When you reach the line that contains "7inch Vinyl Single - Work Force - I'm A Mess", give it back exactly along with each line after it to the end of the entries; skip any pictures.

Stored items
- - - - -

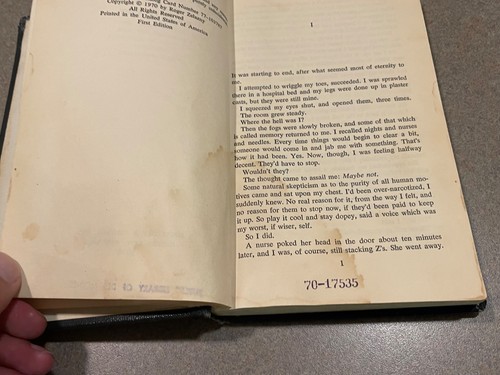Nine Princes in Amber by Roger Zelazny (First Edition, 1st Printing 1970 HC) - Picture 16 of 18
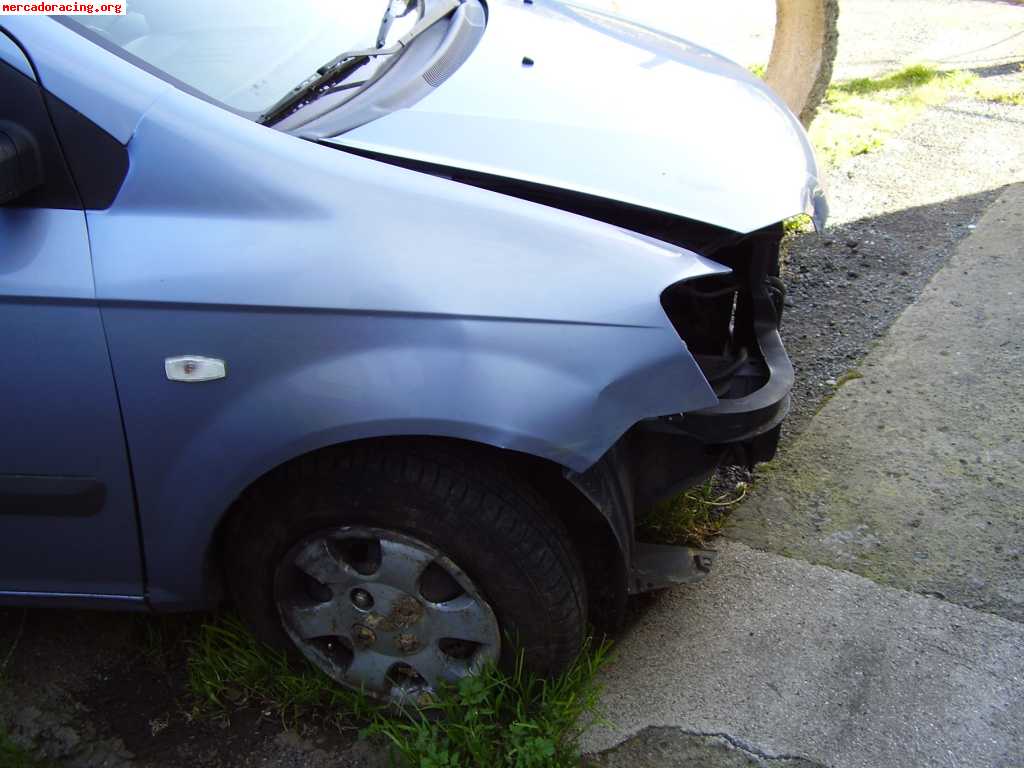 Hyundai getz ( azul)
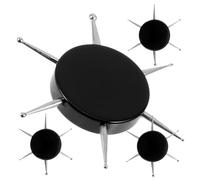 CTIRCHIU 4pcs Circular Nail Dotting Tools with Tips for Nail Art Painting Manicure Craft DIY and Patterns Creation at Home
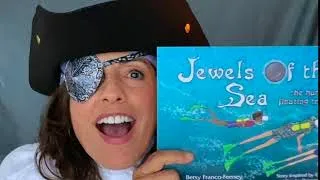 Jewels of the Sea... a New Picture Book by Betsy Franco Feeney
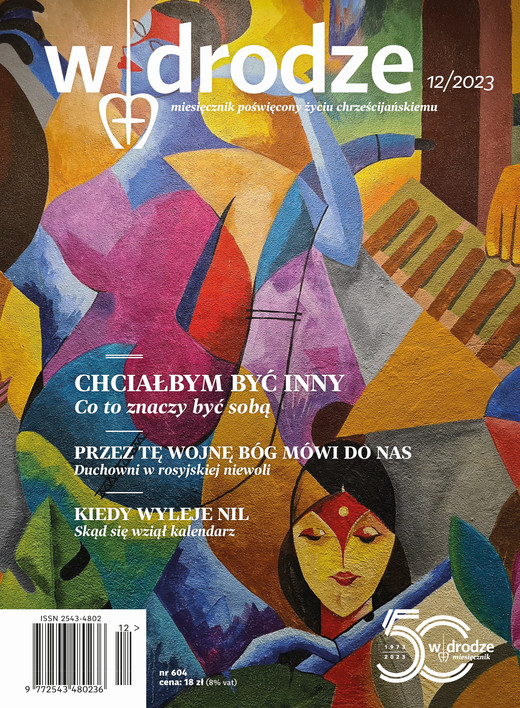 okładka W drodze W drodze 12/2023 ebook | epub, mobi | Opracowania Zbiorowe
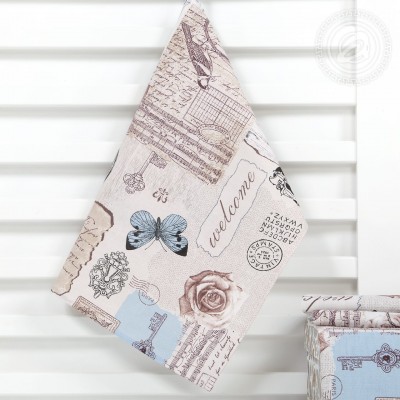 Полотенце кухонное из рогожки &quot;Либретто&quot;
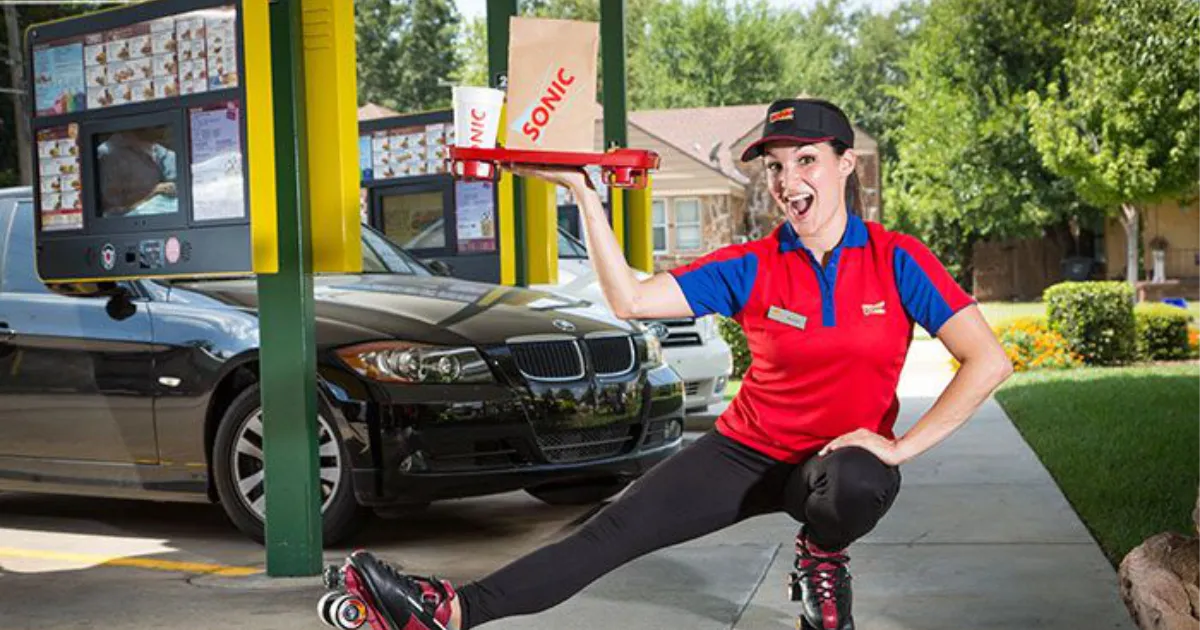 KATIE THE CARHOP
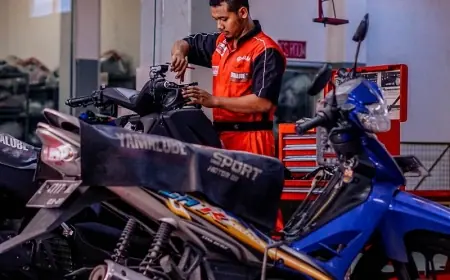 Alasan Mengapa Ban Belakang Motor Lebih Cepat Gundul?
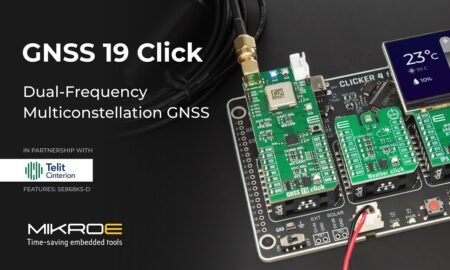 MIKROE Multi Constellation GNSS Click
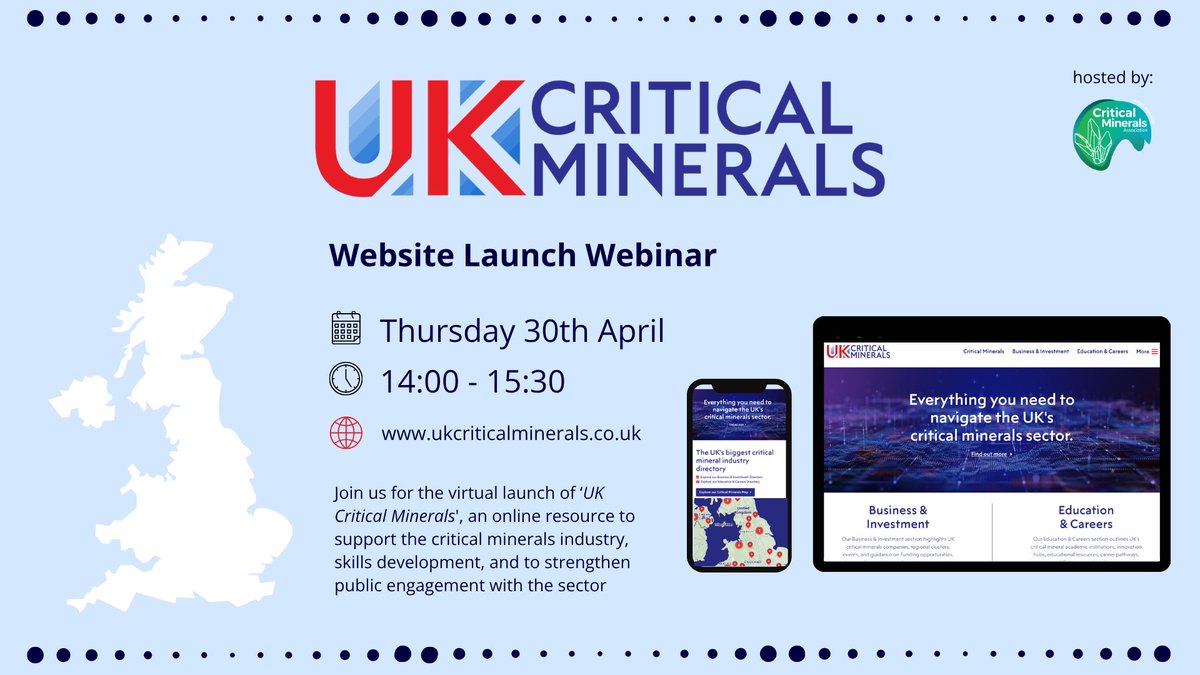 Critical Minerals Association (UK) tweet media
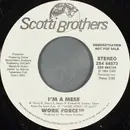 7inch Vinyl Single - Work Force - I'm A Mess
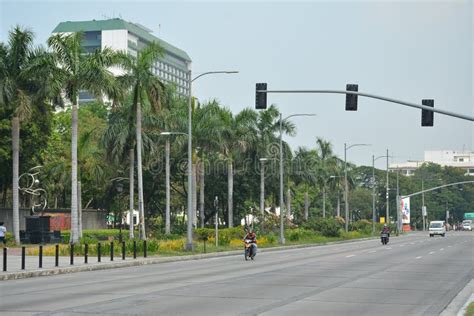 Roxas Boulevard Em Manila Philippines Fotografia Editorial Imagem De Filipinas Maneira 194001632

- - - - -

SOLUTION TO THIS PROBLEM
 7inch Vinyl Single - Work Force - I'm A Mess
 Roxas Boulevard Em Manila Philippines Fotografia Editorial Imagem De Filipinas Maneira 194001632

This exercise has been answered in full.